DIRECTIONS –
For the records below, please print exactly and only the lines from the one with "In the next" down to the one with "By engaging with", both ends included, omitting the pictures.

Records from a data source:
◆ ◆ ◆ ◆ ◆ ◆ ◆

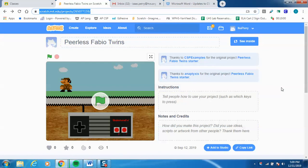Hey everybody, it's Mr. Perry and I am about to give you a tour of what is called the Peerless Fabio Twins, aka Super Mario Brothers — kind of a generic brand project that we're going to be working on here. I just want to give you a quick tour of what it is and how it's set up so you can understand the code before you start planning how you're going to modify it and make it your own and make it something really cool and special.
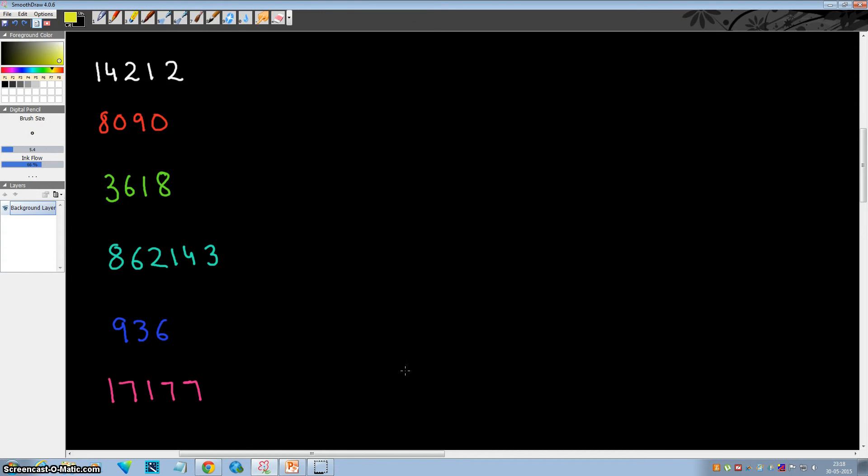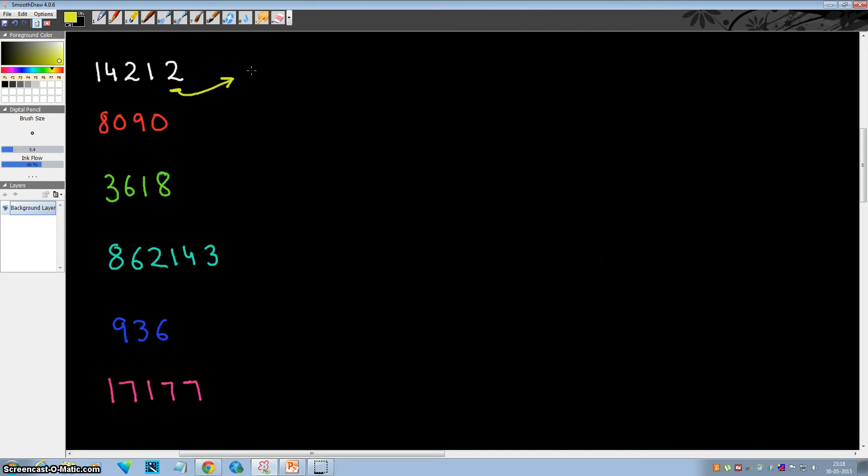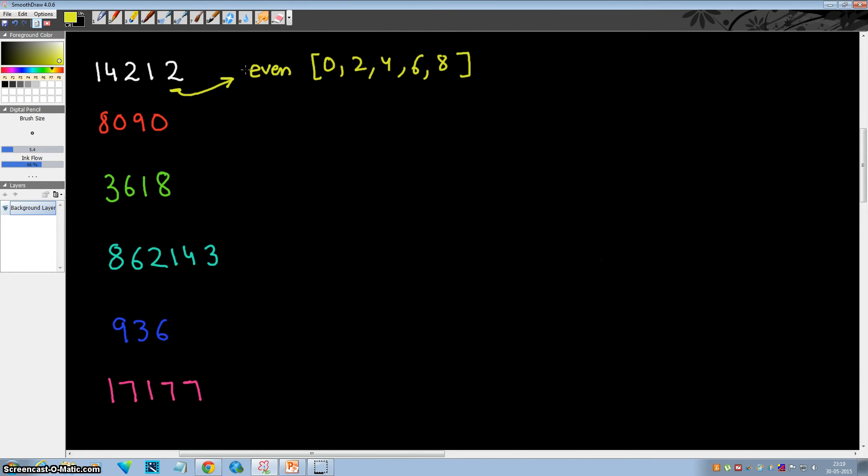These are some random numbers and we'll see whether these are divisible by 2 or not. So in order to test whether some number is divisible by 2 or not, we'll test the digit at the unit place. If the digit at the unit place is even—what even numbers are: 0, 2, 4, 6, or 8—if these are present at the unit place, then the number is divisible by 2.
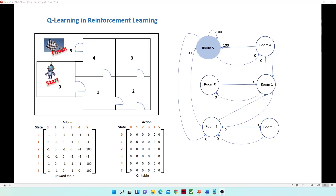Hello friends, welcome to this tutorial. Today I'm going to talk about the Q-learning algorithm in reinforcement learning and its implementation using Python. Reinforcement learning is a feedback-based machine learning technique in which an agent learns to behave in an environment by performing actions and seeing the results of those actions. An agent learns over time to behave optimally in a certain environment by interacting continuously in the environment.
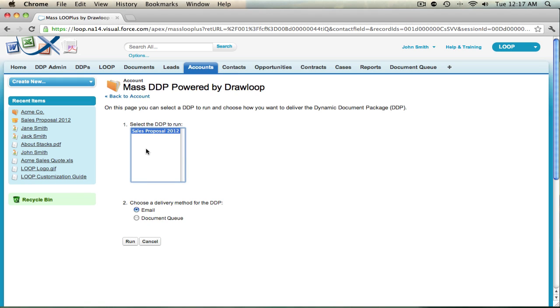That is how you utilize MassLoop Plus within your Salesforce.com account. Thank you.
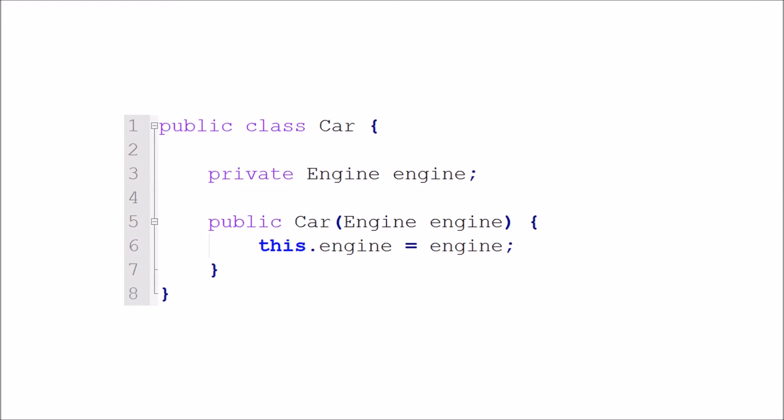This is a type of injection known as constructor injection. There are other types of injection as well. At its most basic level, dependency injection is the passing of dependencies into a class rather than instantiating them directly into that class.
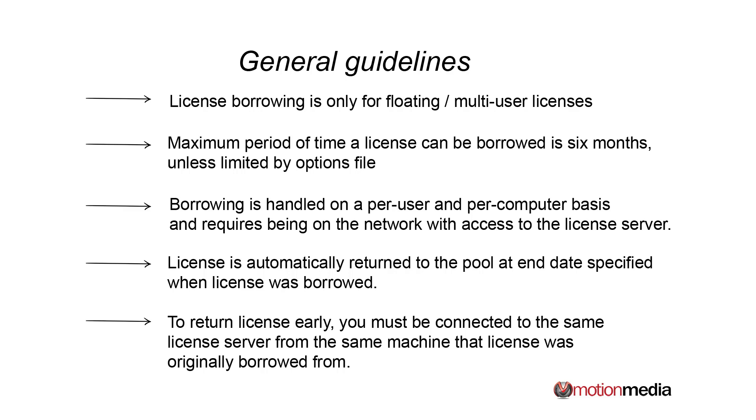The maximum time that you can borrow a license is for six months. There is an options file that I will go over in another video that can set a lot of parameters about network licensing, one of which is the maximum time a license can be borrowed.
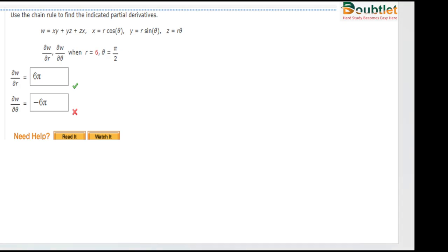Hello guys. In this question we have to differentiate the given function with respect to by chain rule and we have to find the partial derivatives.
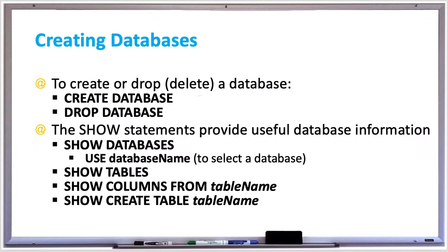Before getting started with creating tables and relationships between the tables, the first thing you need to do is create a database. You can create a brand new database using the CREATE DATABASE statement.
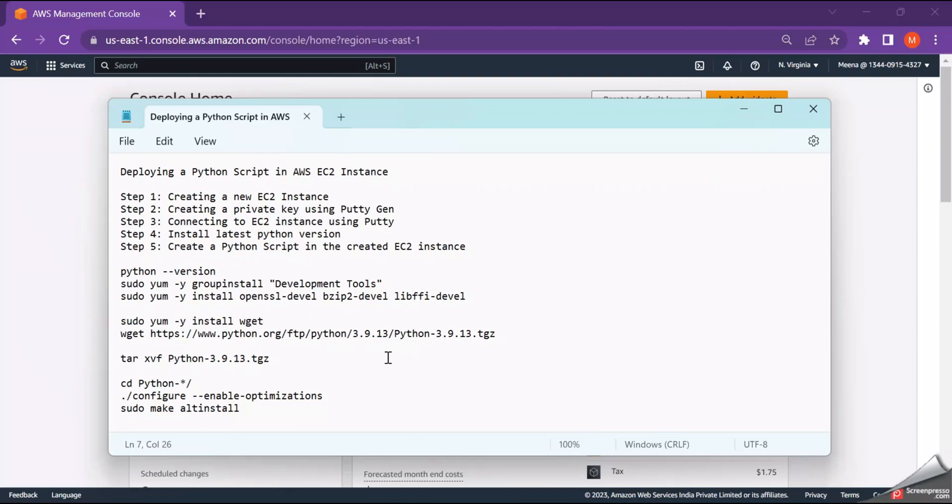Hello guys, welcome back. Today I have come up with the topic on how to deploy a Python script in AWS EC2 instance.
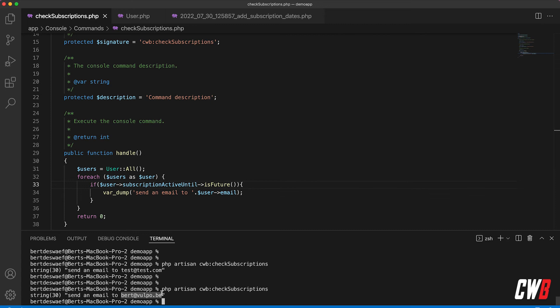So for example, if the subscription active until date is in the future, you can send them a coupon or something else. And if it's in the past, you can send them an email to remind them to update their subscription.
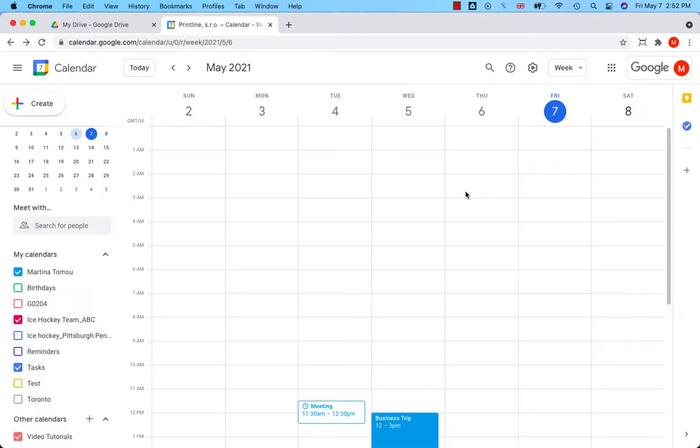What is a reminder in Google Calendar and how to create one? We use reminders in Google Calendar so we don't forget to do something important.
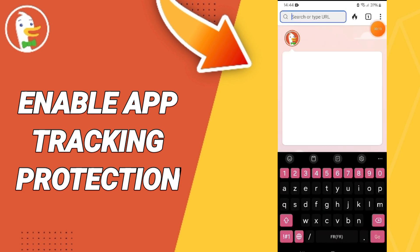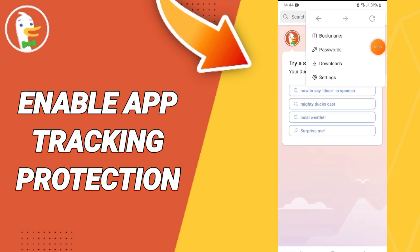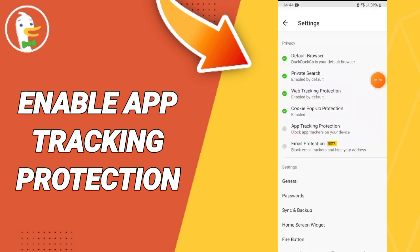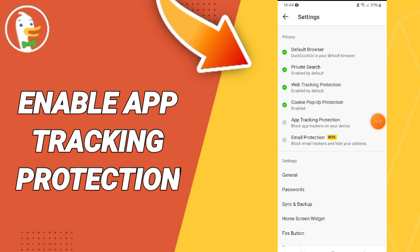You will go to these three dots and enter here. In this page you will go to Settings. After that, in this list you will find the window of App Tracking Protection, and you will enter here.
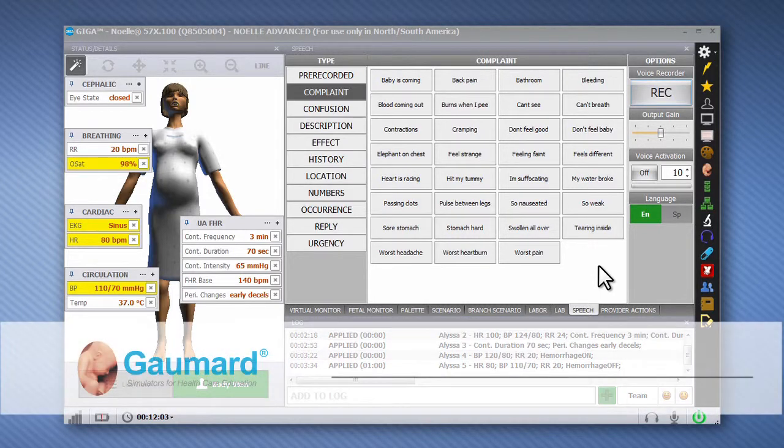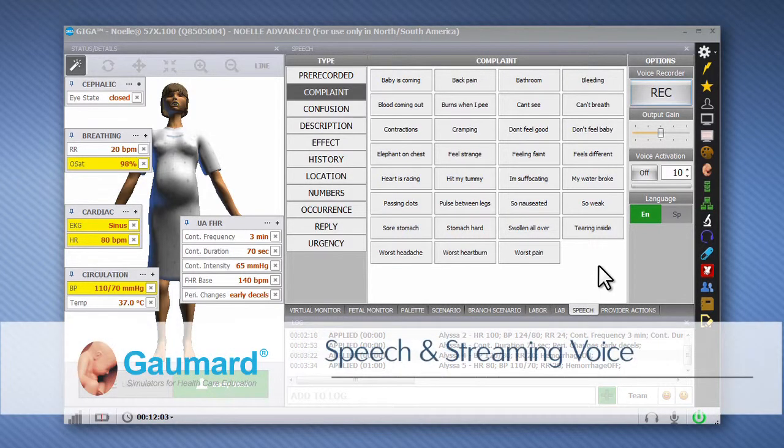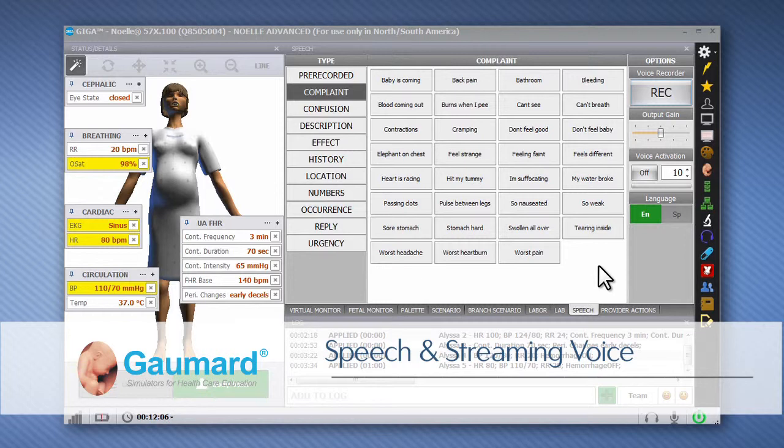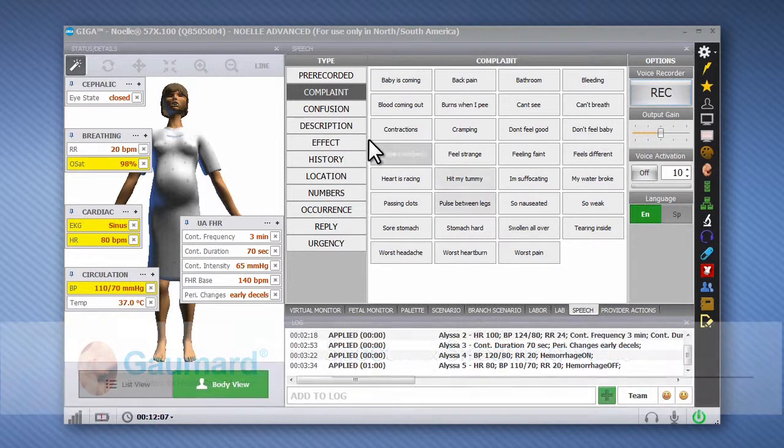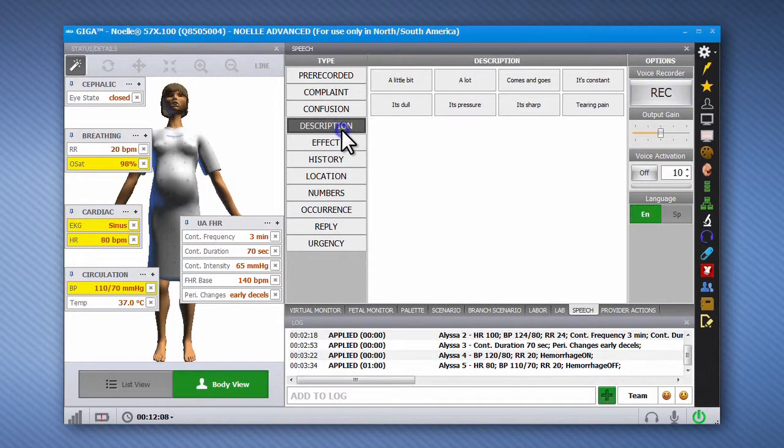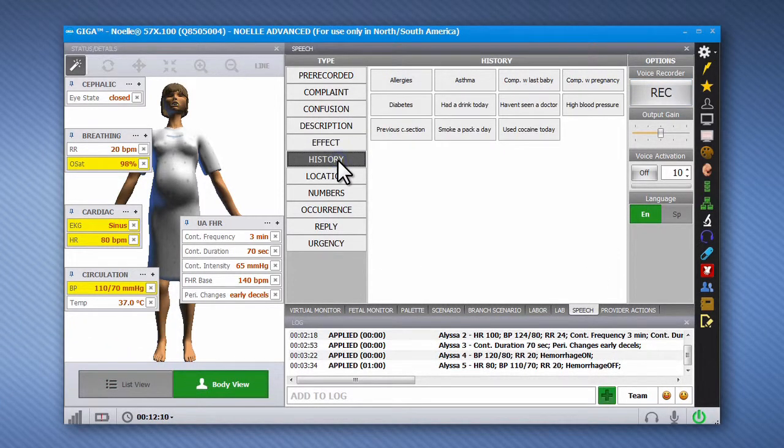Speech and streaming voice. The Speech tab stores a large library of pre-programmed phrases and responses for the simulator to speak.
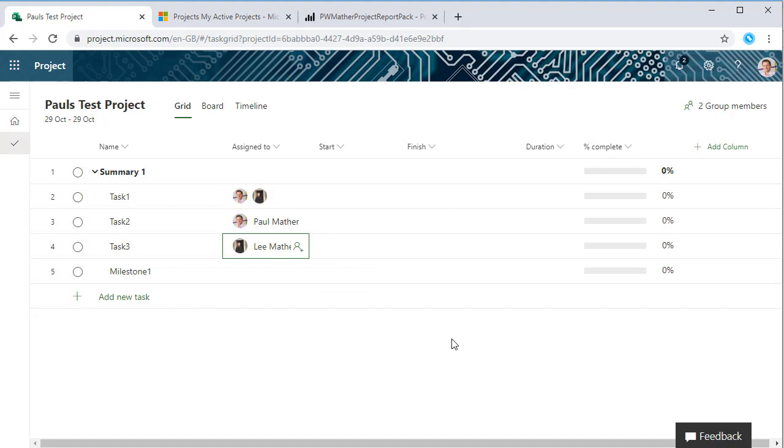We've started adding users to the project, so I'd have access to the project anyway as the owner, but Lee would also have edit access to this project via the Office 365 group.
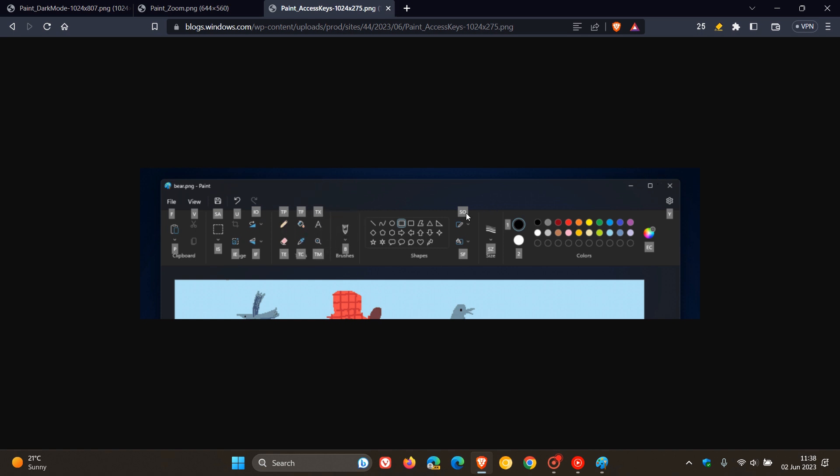We can actually see in this screenshot provided those keyboard shortcuts, which are made available if you do access the relevant keyboard shortcuts on your keyboard. You will have access to those now for the different options in that new Paint app.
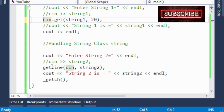In the next lectures we will show how to pass a C-style string and string class object to a function. So wait for the next lecture. Thank you very much.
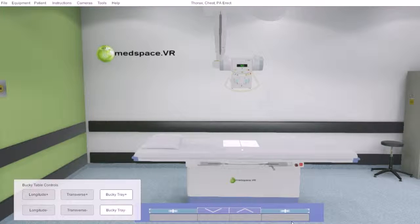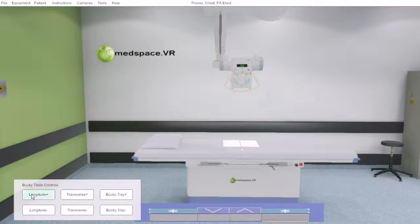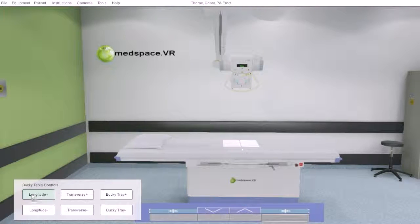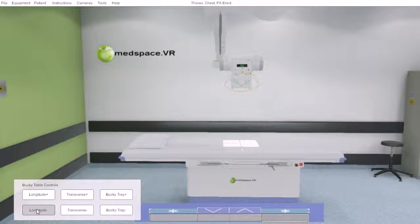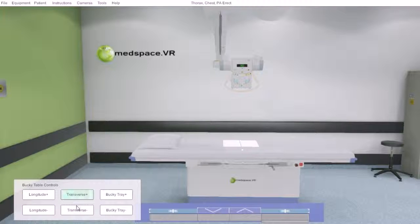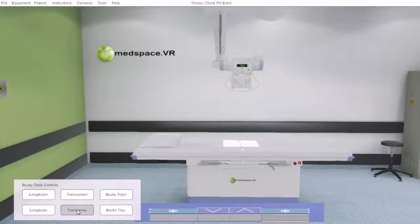By engaging with the foot switch release, we then have access to movement of the table longitudinally and then transverse movement.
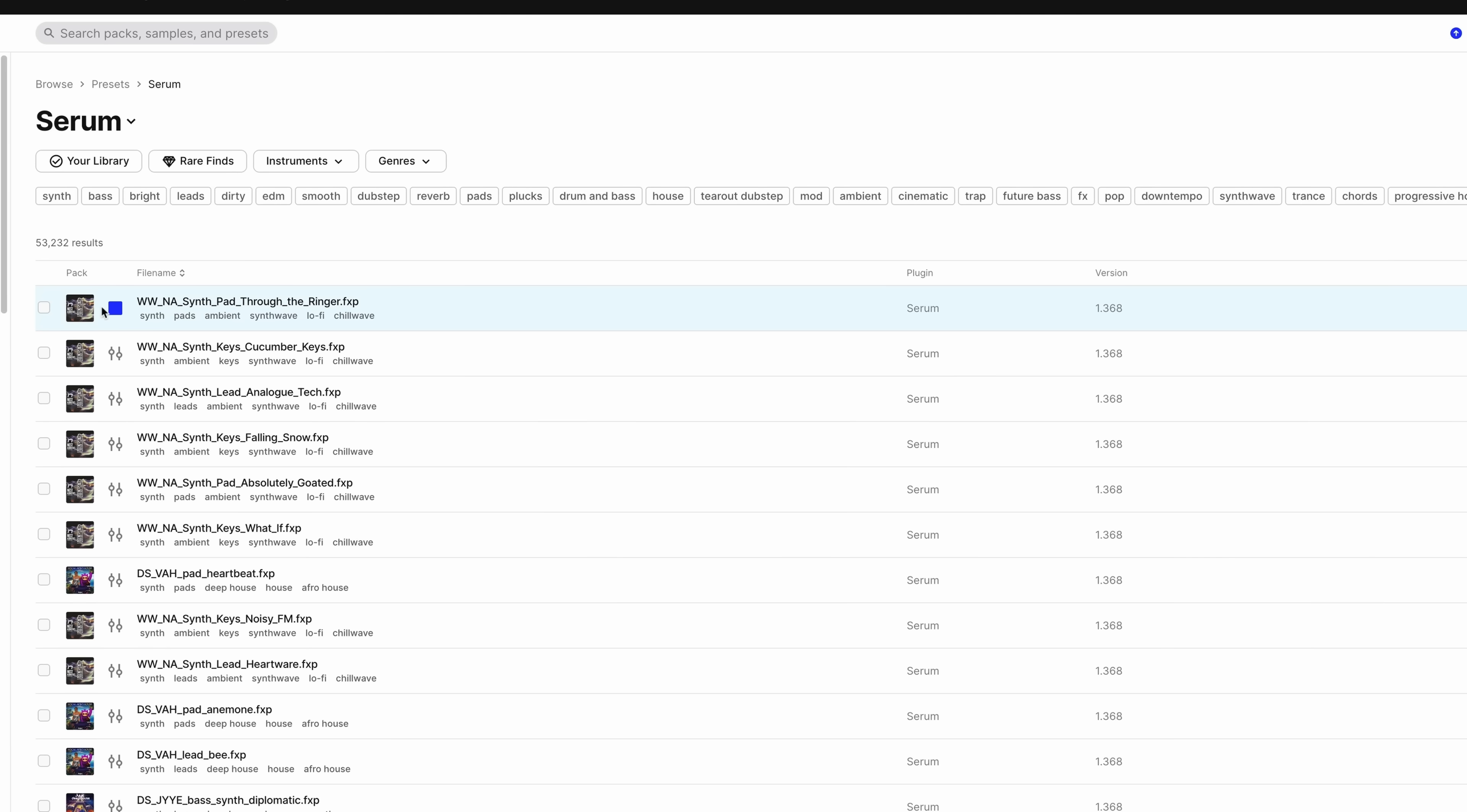Now if you've collected a bunch of Serum presets, don't worry. Serum 2 is backwards compatible with Serum 1 presets. And if you weren't aware, Splice has over 50,000 Serum presets and over 700 Serum 2 presets.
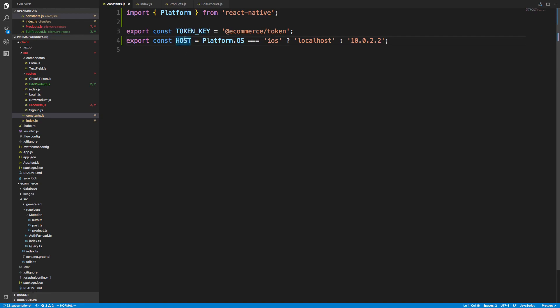That way you can have the same code run both on your iOS and Android emulators. So that's how I got that to work, just checking the operating system, and that's how you can do it.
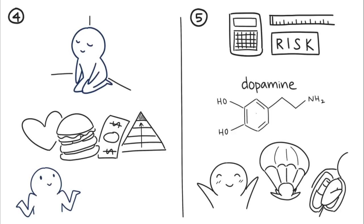Both introverts and extroverts have the same amount of it, but introverts' brains are less active in the region that generates dopamine.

◆ ◆ ◆ ◆ ◆ ◆ ◆

REPLY TO THE EXERCISE –
In the next lectures we will show how to pass a C-style string and string class object to a function. So wait for the next lecture. Thank you very much.
By engaging with the foot switch release, we then have access to movement of the table longitudinally and then transverse movement.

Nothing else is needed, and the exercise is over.